Да ведают потомки православных. Пушкин. Россия. Мы
- равнодушие;
- "напрасные" попытки обмануть себя ("Сказать, что нет того, что есть" - "Напрасно чувство возбуждал я");
- отсутствие слез;
- новое знание о ней и связанные с этим мука и недоумение;
- наконец, "позор", скрыто присутствующий в элегии (предательское равнодушие былого страстного любовника), но по имени названный в переводе (у Ариосто и намека на такое нет).

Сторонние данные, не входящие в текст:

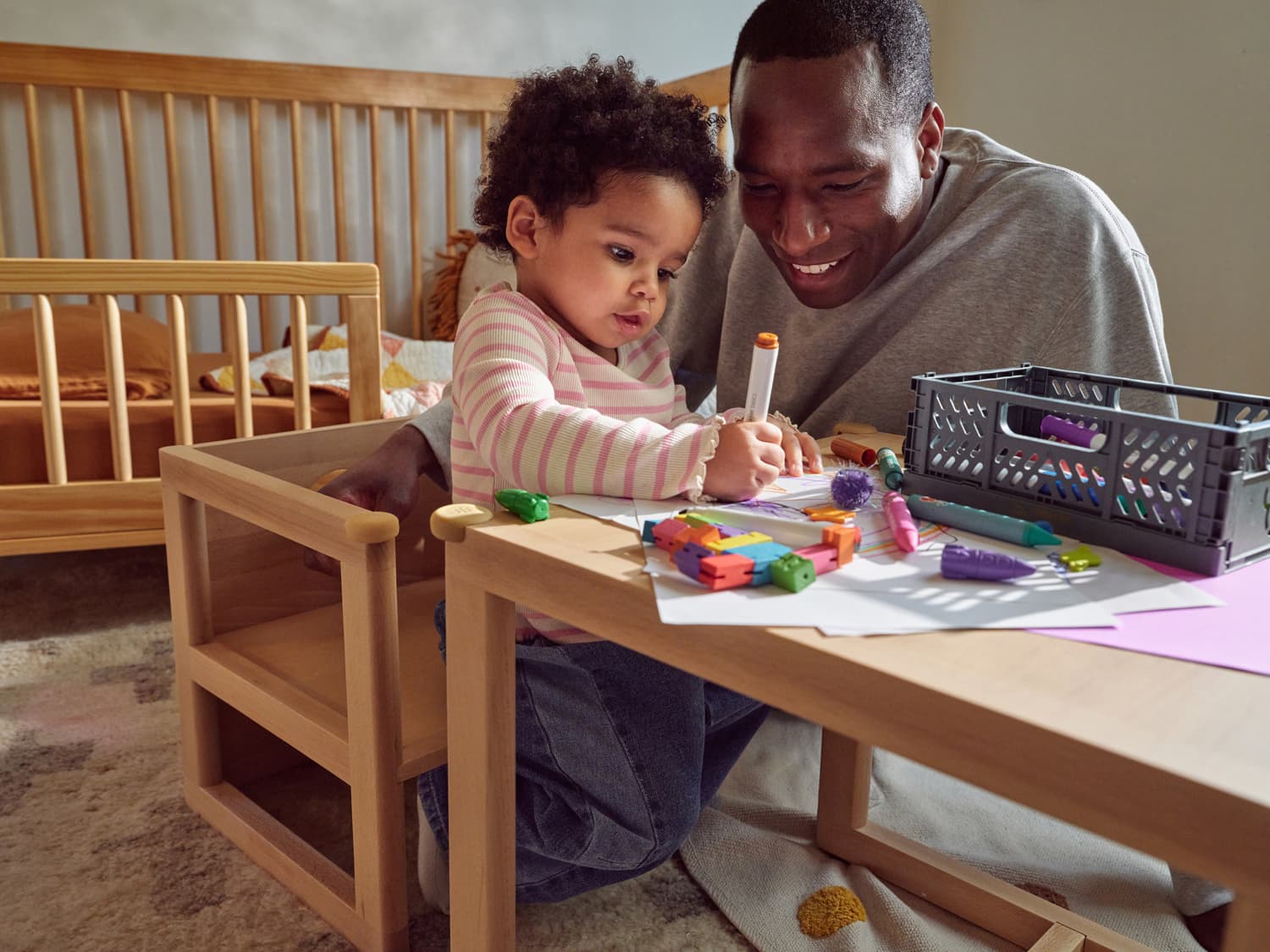 Pom Modern Babyproofing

В сущности, элегия и перевод образуют единый контекст [Академическое собр.соч. (Н.В.Измайлов) датирует перевод "январем - июлем (?) 1826 г." Конечно, следует оставить только июль, даже конец июля, и избавиться от знака вопроса - то есть признать, что перевод мог быть сделан только после получения вести о смерти Амалии Ризнич. Кстати, именно июлем, а не "январем - июлем" Т. Г. Цявловская датировала черновые строфы перевода ("Рукою Пушкина. Несобранные и неопубликованные тексты", М.- Л., 1935, с.500), а Р.В.Иезуитова - и беловые ("Пушкин. Исследования и материалы", т. XV, СПб., 1995, с.255). В издании "Academia" (1935, т.2) перевод помещен и вовсе после элегии, а не до нее, как в Академическом издании. Точную последовательность, впрочем, вряд ли можно установить; важно, что перевод и элегия соседствуют самым ближайшим образом. - В.Н.].

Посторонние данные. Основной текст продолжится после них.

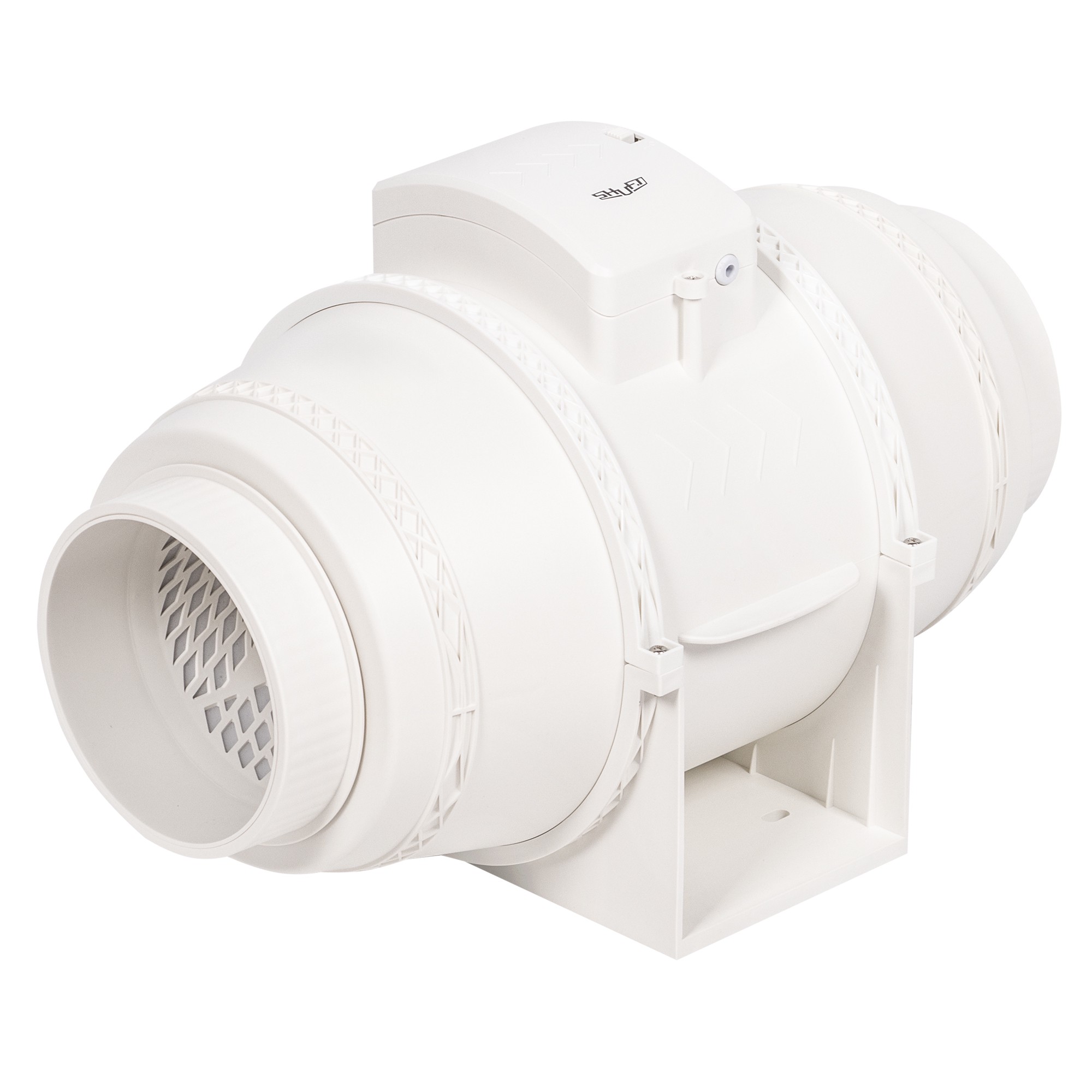 Вентилятор малошумный канальный SHUFT SILENTMIX-125T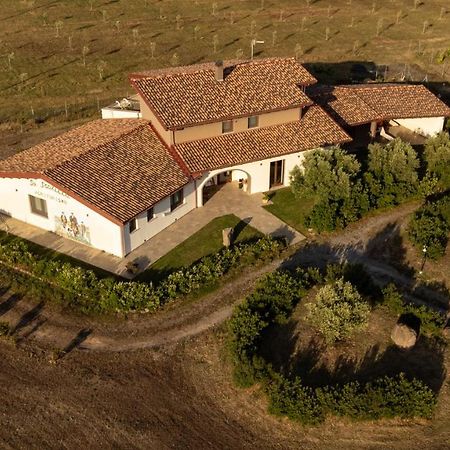 Agriturismo Sa Scalitta Carbonia Dış mekan fotoğraf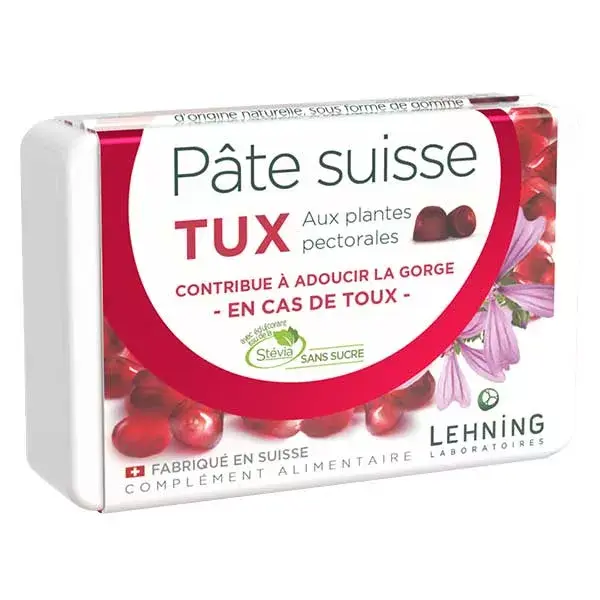 Pasta para gengivas Lehning ENT Swiss Paste Tux 40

Необходимо подчеркнуть то, что, собственно, разумеется само собой, но при разборе стихов Пушкина часто забывается. Элегия, конечно, не могла быть написана сразу, в момент известия о смерти; она не есть первая непосредственная реакция, она - рефлексия над реакцией, отделенная каким-то временем: не "отражение" испытанных чувств, а - постижение их. Вероятно, для этого и оказался нужен перевод, где описывается чужой - Орланда,- но сходный опыт: такое переживание, в котором - и равнодушие, и потрясение.
Возможно даже, что здесь - движение души понять (или простить?) себя, уподобив себя Орланду: ведь его равнодушие - не следствие каменной толстокожести, напротив! - вот и оправдание...
Но оправдание - дело "человеческое, слишком человеческое", а потому непоэтическое. Не дело гения. Человек может остановиться на оправдании, а творческий гений - нет, он идет дальше, идет мимо оправдания, вплоть даже до "позора".
Человек и хотел бы, может, приравнять смерть былой возлюбленной к ее измене - весьма даже поэтично,- но творческий гений и на поэтичности не задерживается, идет сквозь нее, к правде переживания как она есть. Человек хочет "выйти из положения", выглядящего сомнительно,- гений стремится понять саму природу положения: в чем его сомнительность, его "позор".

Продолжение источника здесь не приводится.